#### RAW DATA

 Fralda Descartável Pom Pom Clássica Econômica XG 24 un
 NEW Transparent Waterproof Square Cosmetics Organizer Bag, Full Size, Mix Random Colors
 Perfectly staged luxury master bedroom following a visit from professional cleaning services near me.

---

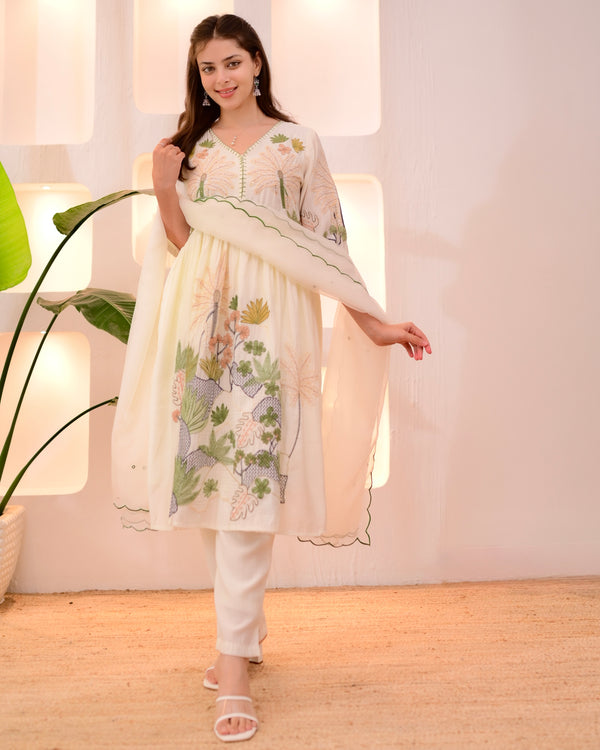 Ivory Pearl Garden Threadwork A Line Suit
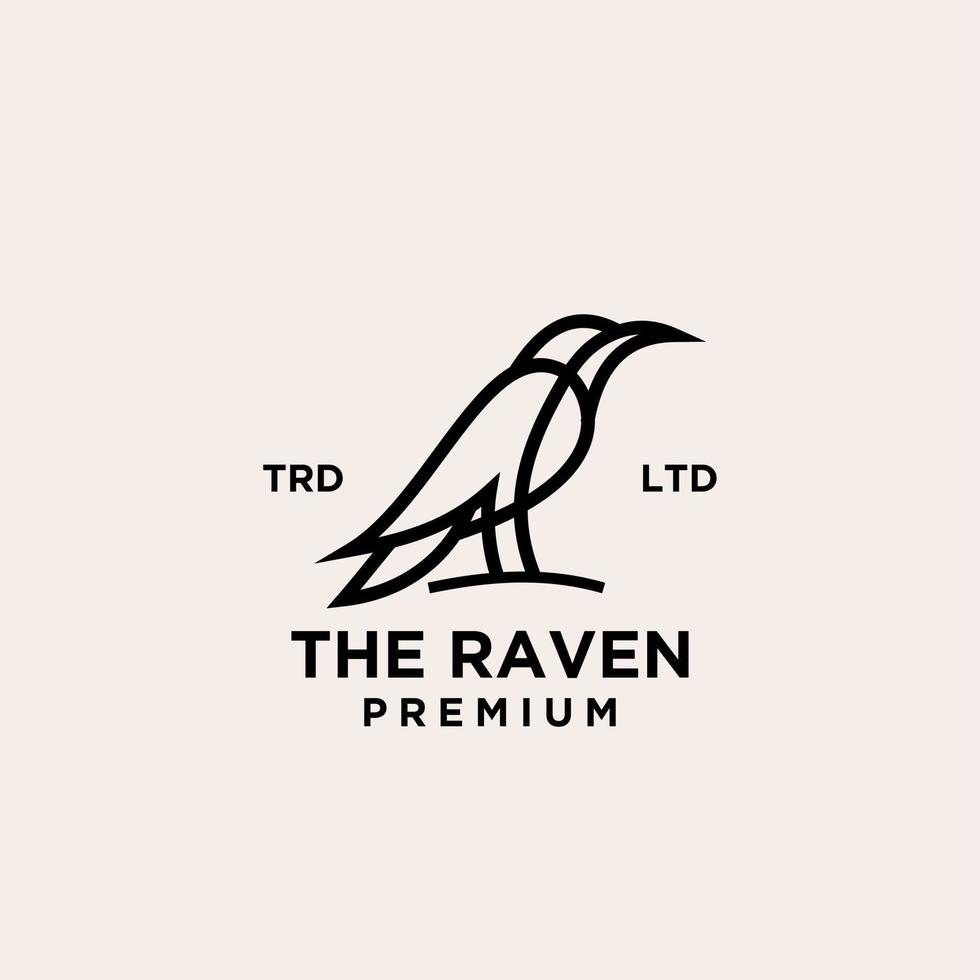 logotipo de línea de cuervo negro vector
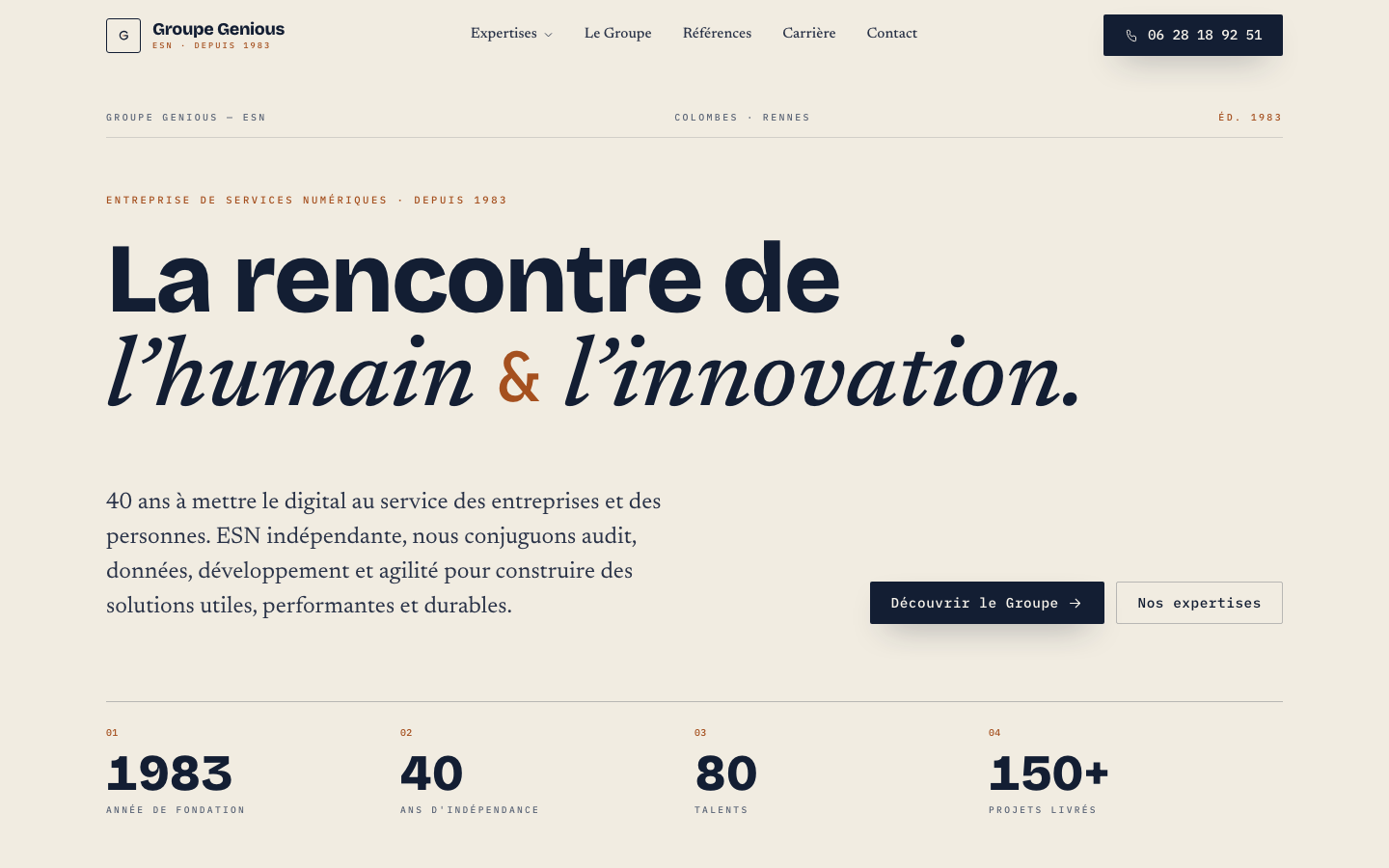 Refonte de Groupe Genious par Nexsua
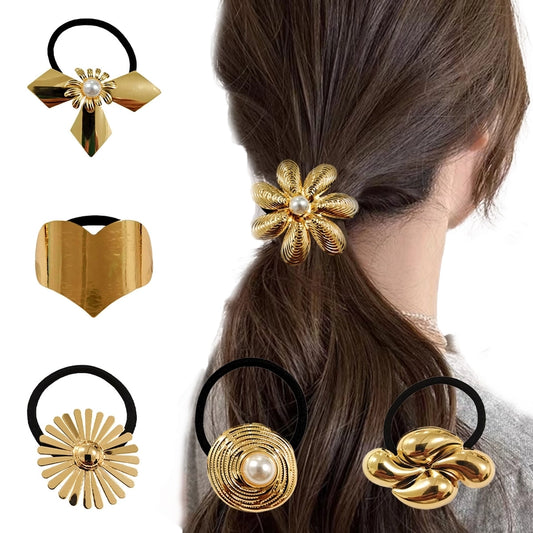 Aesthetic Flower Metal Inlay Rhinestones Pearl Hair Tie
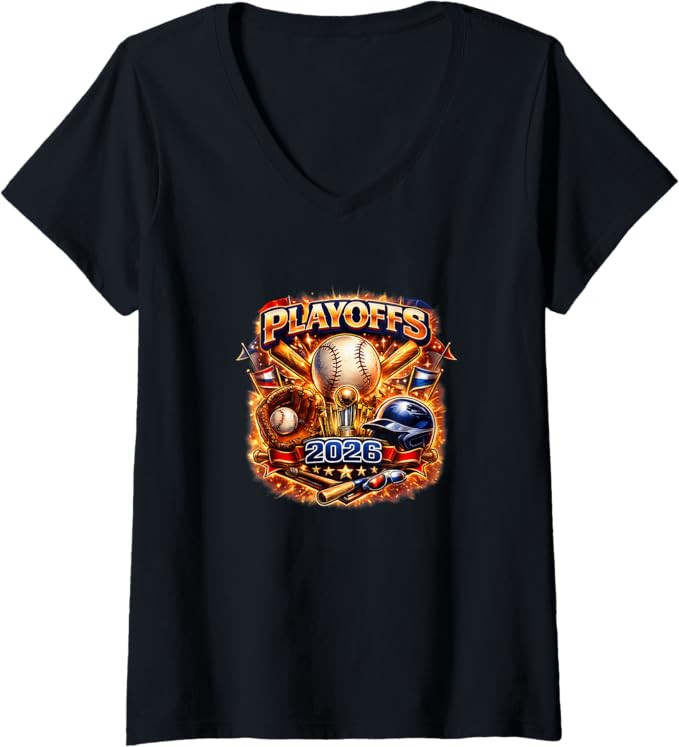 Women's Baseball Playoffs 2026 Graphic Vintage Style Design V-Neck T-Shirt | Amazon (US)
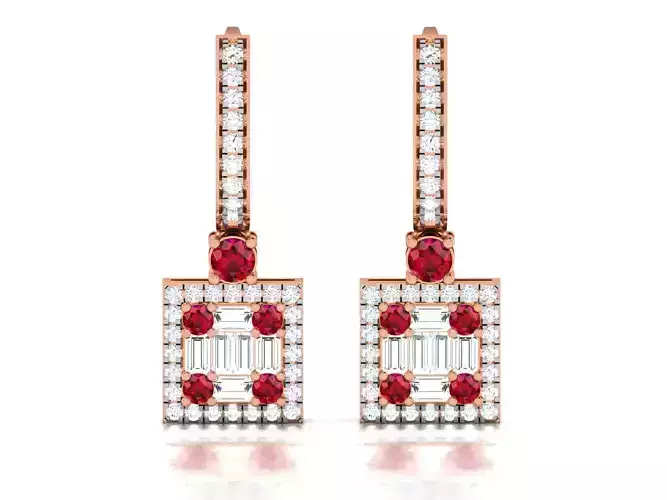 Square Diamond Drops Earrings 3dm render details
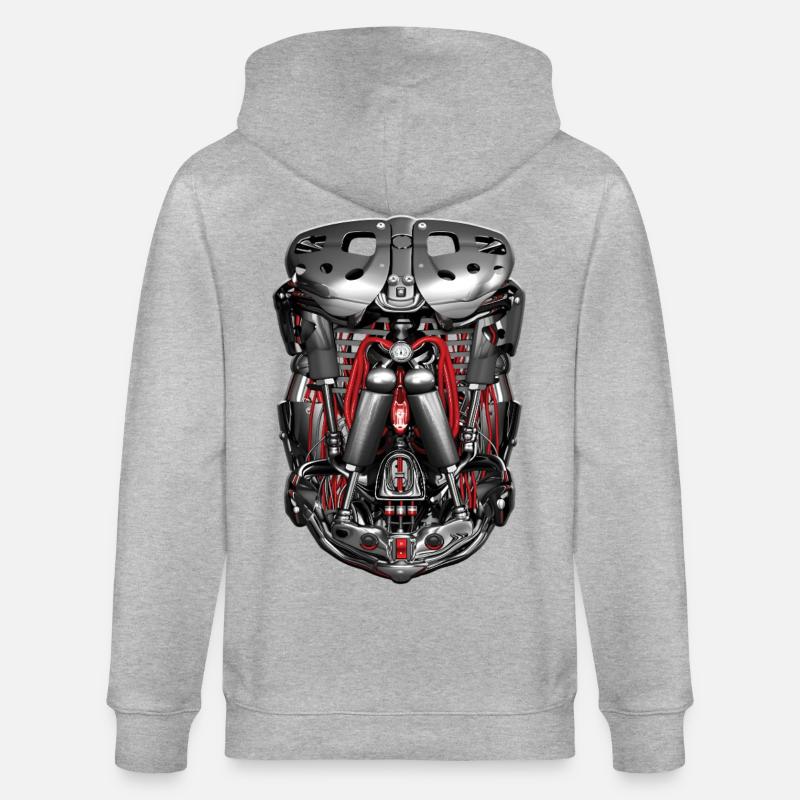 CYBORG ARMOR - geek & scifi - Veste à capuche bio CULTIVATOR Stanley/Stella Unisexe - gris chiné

#### ACTIVITY
Look through the material above. Transcribe exactly the lines between the ones with "logotipo de línea de cuervo negro vector" and "CYBORG ARMOR - geek", inclusive, and keep pictures out.

#### WRITTEN ANSWER
 logotipo de línea de cuervo negro vector
 Refonte de Groupe Genious par Nexsua
 Aesthetic Flower Metal Inlay Rhinestones Pearl Hair Tie
 Women's Baseball Playoffs 2026 Graphic Vintage Style Design V-Neck T-Shirt | Amazon (US)
 Square Diamond Drops Earrings 3dm render details
 CYBORG ARMOR - geek & scifi - Veste à capuche bio CULTIVATOR Stanley/Stella Unisexe - gris chiné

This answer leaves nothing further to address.